Minister Flanagan said:
“The CSO performs a vital role in identifying and analysing crime trends across the State. Today’s release is a valuable addition to that body of work and provides us with the first picture of crime trends this year.
“The Covid-19 pandemic and associated public health restrictions introduced in March will no doubt have had an impact on crime in the reporting period. This makes direct comparisons difficult. Nonetheless, a number of trends appear from these figures and in particular from the 5-year analysis provided by the CSO.”
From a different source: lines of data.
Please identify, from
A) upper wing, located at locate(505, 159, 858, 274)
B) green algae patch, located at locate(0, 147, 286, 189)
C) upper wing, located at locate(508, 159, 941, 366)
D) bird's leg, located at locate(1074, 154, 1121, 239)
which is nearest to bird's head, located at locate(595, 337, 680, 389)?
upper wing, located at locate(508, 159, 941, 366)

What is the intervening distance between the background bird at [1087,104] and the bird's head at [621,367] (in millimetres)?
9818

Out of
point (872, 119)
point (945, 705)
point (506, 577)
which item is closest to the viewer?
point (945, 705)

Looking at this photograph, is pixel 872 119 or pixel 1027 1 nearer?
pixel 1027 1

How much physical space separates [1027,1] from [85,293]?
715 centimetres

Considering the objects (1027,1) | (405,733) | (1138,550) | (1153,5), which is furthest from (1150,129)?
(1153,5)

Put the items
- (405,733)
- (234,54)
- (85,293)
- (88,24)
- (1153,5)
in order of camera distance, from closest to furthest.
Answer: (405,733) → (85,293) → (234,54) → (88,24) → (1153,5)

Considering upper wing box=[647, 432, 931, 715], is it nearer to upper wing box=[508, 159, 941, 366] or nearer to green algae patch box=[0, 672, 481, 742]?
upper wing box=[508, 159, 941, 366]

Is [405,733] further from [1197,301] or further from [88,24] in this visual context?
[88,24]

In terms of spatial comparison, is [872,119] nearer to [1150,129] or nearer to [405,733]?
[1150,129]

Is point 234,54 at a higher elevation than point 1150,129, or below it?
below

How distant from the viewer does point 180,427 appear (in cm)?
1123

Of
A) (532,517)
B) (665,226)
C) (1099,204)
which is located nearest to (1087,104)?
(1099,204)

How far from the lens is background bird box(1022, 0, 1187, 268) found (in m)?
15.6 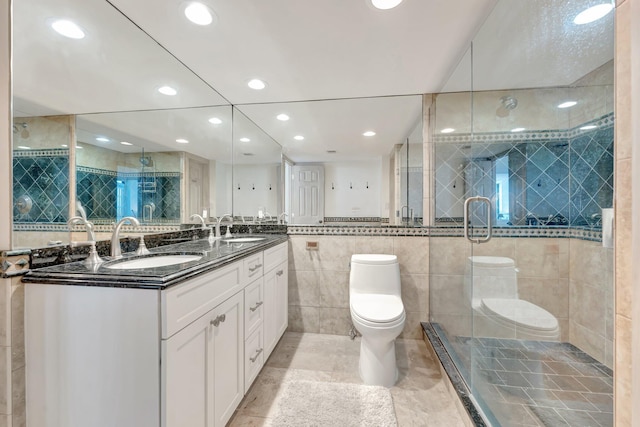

The CSO analysis shows that in Q1 of 2020 and compared to the same period in 2019, there were decreases across a range of crime categories, including homicide and related offences (-16.9%); sexual offences (-4.6%); dangerous or negligent acts (-1.4%); kidnapping and related offences (-3.6%); robbery, extortion and hijacking offences (-4.7%); burglary and related offences (-1.9%); theft and related offences (0.4%); damage to property and the environment (-1.7%); public order and other social code offences (-2.5%); and offences against Government, justice procedures and organisation of crime (-4.7%).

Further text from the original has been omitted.